Task goal: In your answer, copy every entry that follows exactly.

[Brief descriptive captions]

◇ ◇ ◇

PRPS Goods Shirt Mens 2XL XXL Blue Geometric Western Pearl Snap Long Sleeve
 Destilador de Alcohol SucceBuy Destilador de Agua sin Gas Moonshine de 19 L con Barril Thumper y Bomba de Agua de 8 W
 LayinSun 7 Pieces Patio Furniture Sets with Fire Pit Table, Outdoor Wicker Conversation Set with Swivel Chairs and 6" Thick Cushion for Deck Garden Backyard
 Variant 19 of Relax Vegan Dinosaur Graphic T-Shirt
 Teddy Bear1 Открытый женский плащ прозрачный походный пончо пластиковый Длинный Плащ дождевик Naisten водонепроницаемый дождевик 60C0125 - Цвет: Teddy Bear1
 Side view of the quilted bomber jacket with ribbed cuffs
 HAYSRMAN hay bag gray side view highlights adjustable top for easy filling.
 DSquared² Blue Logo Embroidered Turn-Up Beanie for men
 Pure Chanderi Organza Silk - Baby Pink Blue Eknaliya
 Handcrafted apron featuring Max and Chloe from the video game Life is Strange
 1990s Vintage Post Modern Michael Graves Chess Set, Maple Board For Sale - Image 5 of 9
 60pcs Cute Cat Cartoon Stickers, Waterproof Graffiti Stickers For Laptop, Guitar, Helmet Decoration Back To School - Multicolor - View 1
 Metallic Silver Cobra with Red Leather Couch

◇ ◇ ◇

Problem solution:
PRPS Goods Shirt Mens 2XL XXL Blue Geometric Western Pearl Snap Long Sleeve
 Destilador de Alcohol SucceBuy Destilador de Agua sin Gas Moonshine de 19 L con Barril Thumper y Bomba de Agua de 8 W
 LayinSun 7 Pieces Patio Furniture Sets with Fire Pit Table, Outdoor Wicker Conversation Set with Swivel Chairs and 6" Thick Cushion for Deck Garden Backyard
 Variant 19 of Relax Vegan Dinosaur Graphic T-Shirt
 Teddy Bear1 Открытый женский плащ прозрачный походный пончо пластиковый Длинный Плащ дождевик Naisten водонепроницаемый дождевик 60C0125 - Цвет: Teddy Bear1
 Side view of the quilted bomber jacket with ribbed cuffs
 HAYSRMAN hay bag gray side view highlights adjustable top for easy filling.
 DSquared² Blue Logo Embroidered Turn-Up Beanie for men
 Pure Chanderi Organza Silk - Baby Pink Blue Eknaliya
 Handcrafted apron featuring Max and Chloe from the video game Life is Strange
 1990s Vintage Post Modern Michael Graves Chess Set, Maple Board For Sale - Image 5 of 9
 60pcs Cute Cat Cartoon Stickers, Waterproof Graffiti Stickers For Laptop, Guitar, Helmet Decoration Back To School - Multicolor - View 1
 Metallic Silver Cobra with Red Leather Couch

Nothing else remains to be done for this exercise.